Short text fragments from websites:
<<<<

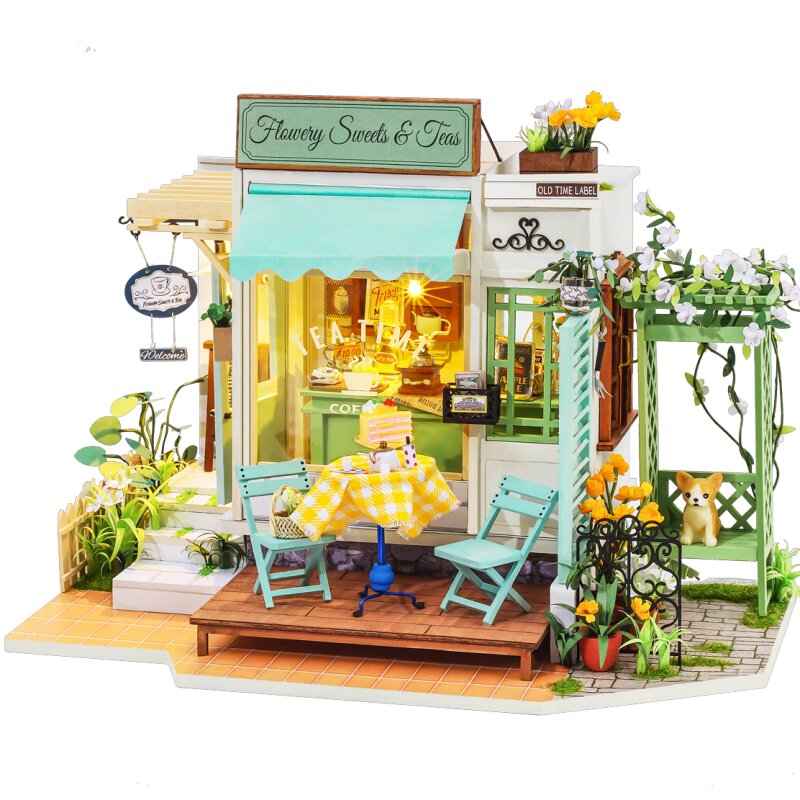 Miniatiūrinis namelis - Gėlių saldainiai ir arbatos Rolife DG146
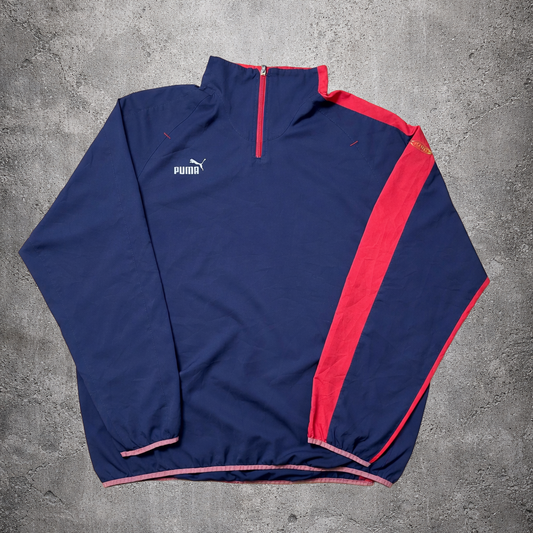 Pull quarter-zip gris et rouge - Puma - Taille XL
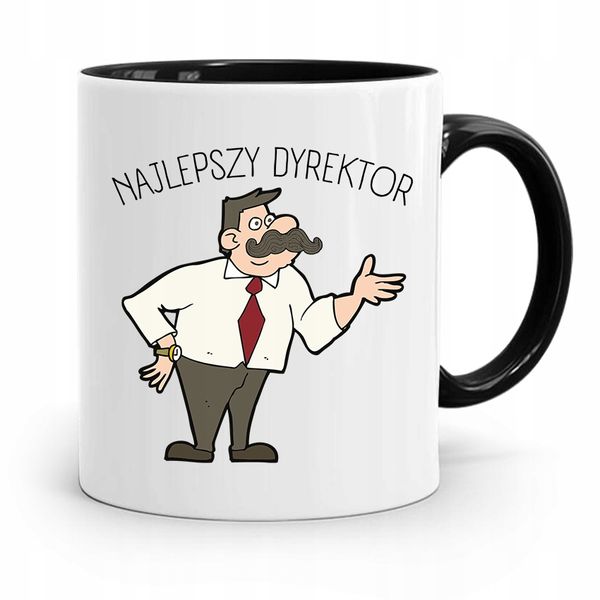 Dla Dyrektora Najlepszy Dyrektor Kubek Czarny Z Nadrukiem Ze Zdjęciem zdjęcie 1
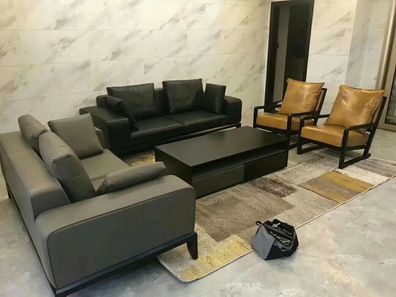 Italien Leder Sofa Polster Sitz Couch Garnitur 4tlg Set Designer Möbel Couchen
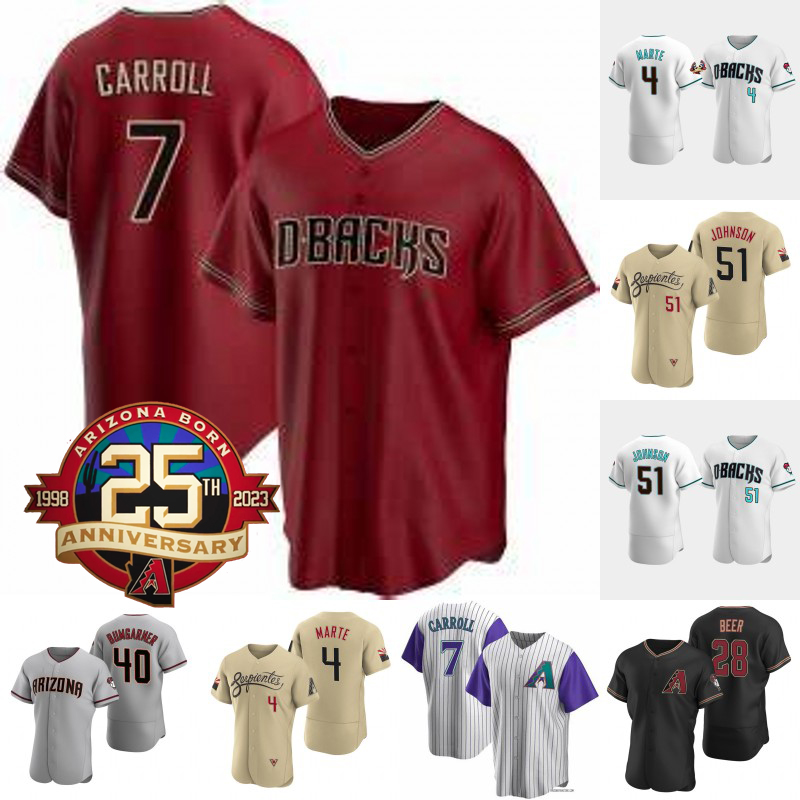 

Arizona Corbin Carroll Jersey 25th Patch Diamondbacks Seth Beer Miguel Castro Ketel Marte Zac Gallen Nick Ahmed Josh Rojas Daulton Varsho Madison Bumgarner Jerseys, Mens cool base red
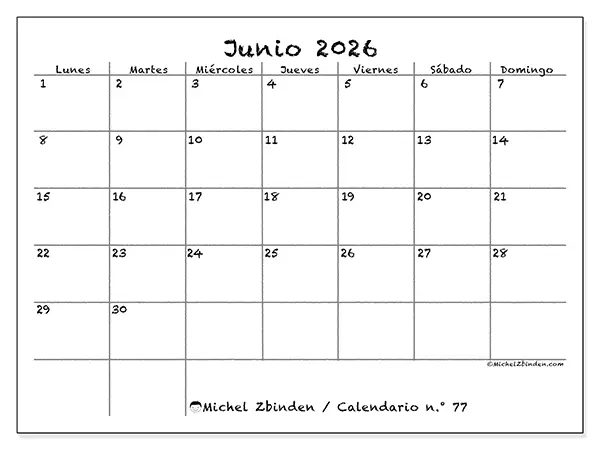 Calendario de junio de 2026 para imprimir - Escuela y familia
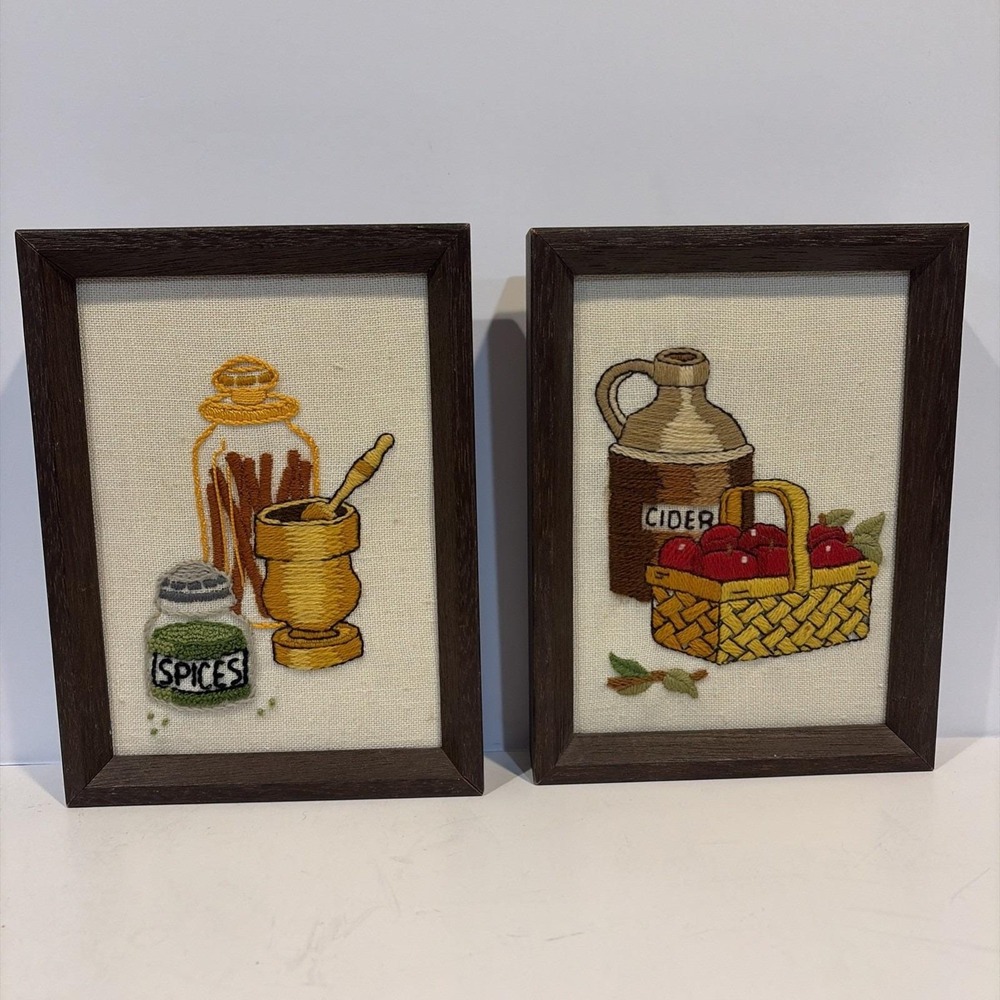 VTG MCM Crewel Embroidery 70s Boho Kitchen Spices Apple Cider Jiffy Stitchery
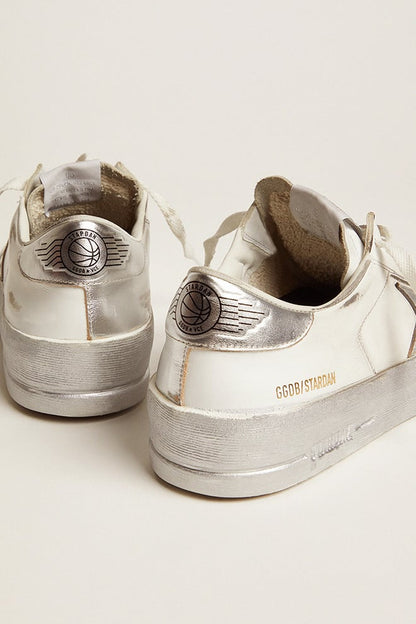 Stardan sneakers with silver metallic leather star and heel tab - Golden Goose Women
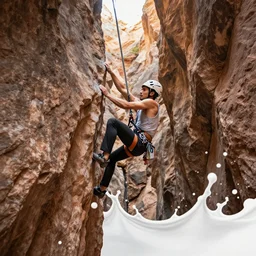 epic rock climbing close up deep canyon splash art graphic design color splash high contrasting art, fantasy, highly detailed, rule of thirds art by greg rutkowski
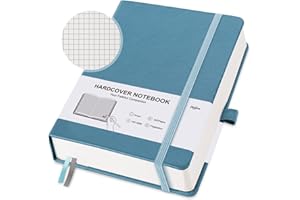 GOSIRM Notizbücher A5 Kariert, Hardcover Journal Notebook Notizbuch mit 320 Nummerierte Seiten, 100 g/m² Tintenfestes Dickes Papier, Kostenlose Mehrfarbige Registerkarten, Innentaschen, 160 Blatt, Blau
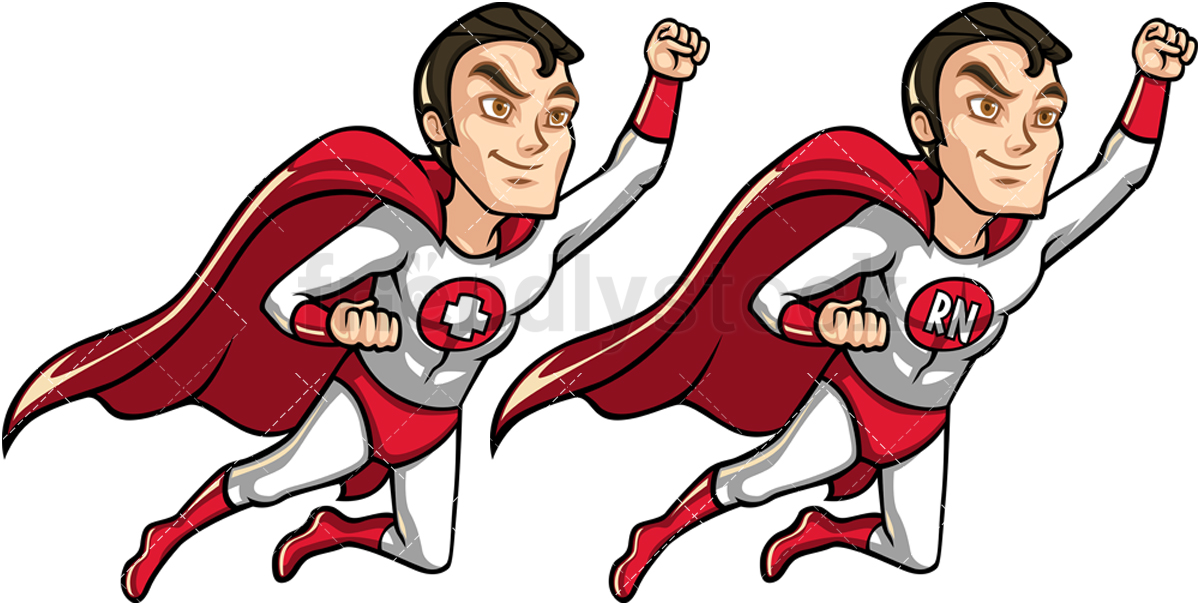 1200x604 Male Nurse Superhero Flying Like Superman Cartoon Vector Clipart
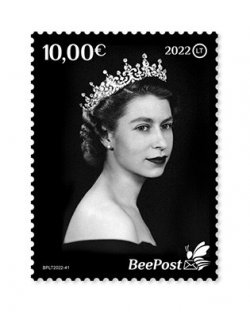 Lithuania 2022 In memory of Her Majesty Queen Elizabeth II BeePost LT stamp MNH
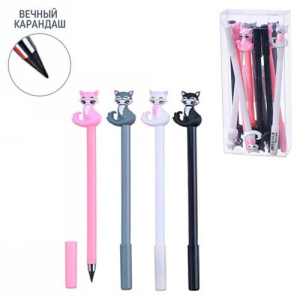 Карандаш вечный КОШЕЧКИ, 4 цвета корпуса в ассортименте, ПВХ-упаковка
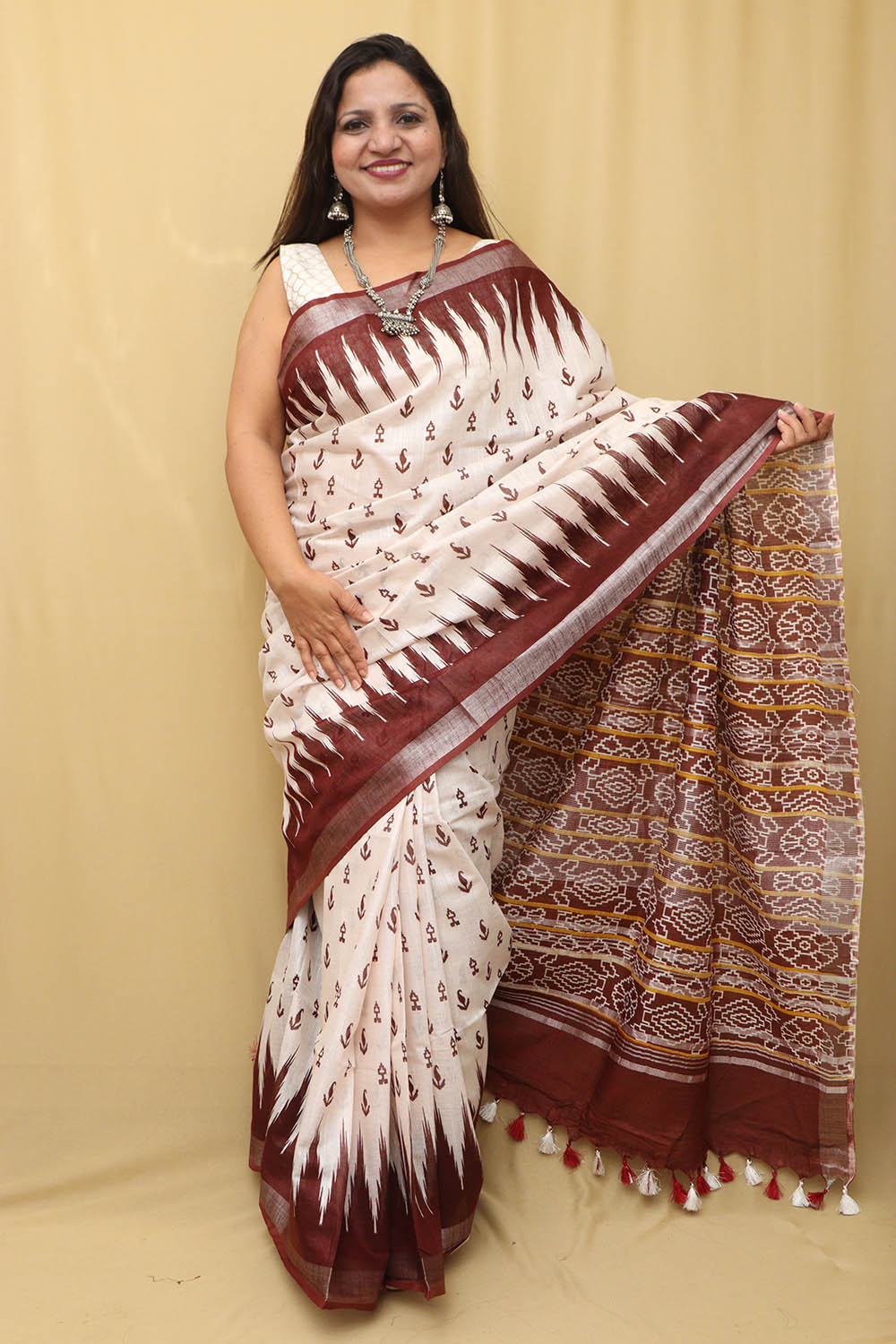 Pastel Madhubani Cotton Silk Saree: Digital Printed Elegance - Luxurion World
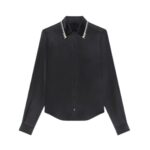 GIVENCHY SHIRT IN SATIN SILK WITH EMBROIDERED PEARLS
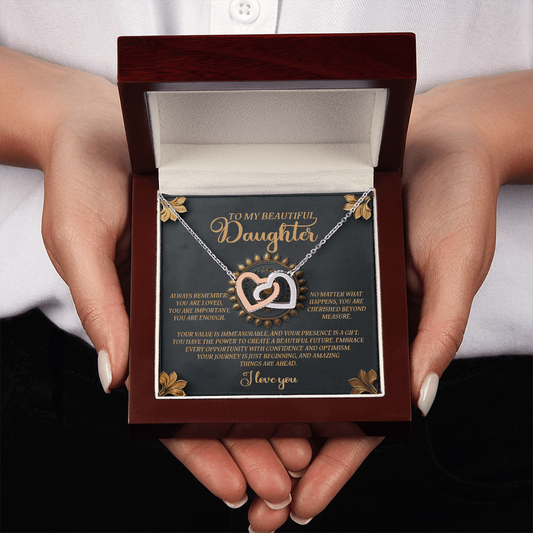 To My Beautiful Daughter Necklace, Necklaces For Daughter From Dad, Mom To Daughter Gifts Unique Gifts, To My Daughter From Dad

>>>>

Task to complete: An exact copy is needed. It runs from the line above containing "Arizona Corbin Carroll" down to the line containing "Stardan sneakers with", both included, with no pictures.

Your response:
Arizona Corbin Carroll Jersey 25th Patch Diamondbacks Seth Beer Miguel Castro Ketel Marte Zac Gallen Nick Ahmed Josh Rojas Daulton Varsho Madison Bumgarner Jerseys, Mens cool base red
 Calendario de junio de 2026 para imprimir - Escuela y familia
 VTG MCM Crewel Embroidery 70s Boho Kitchen Spices Apple Cider Jiffy Stitchery
 Stardan sneakers with silver metallic leather star and heel tab - Golden Goose Women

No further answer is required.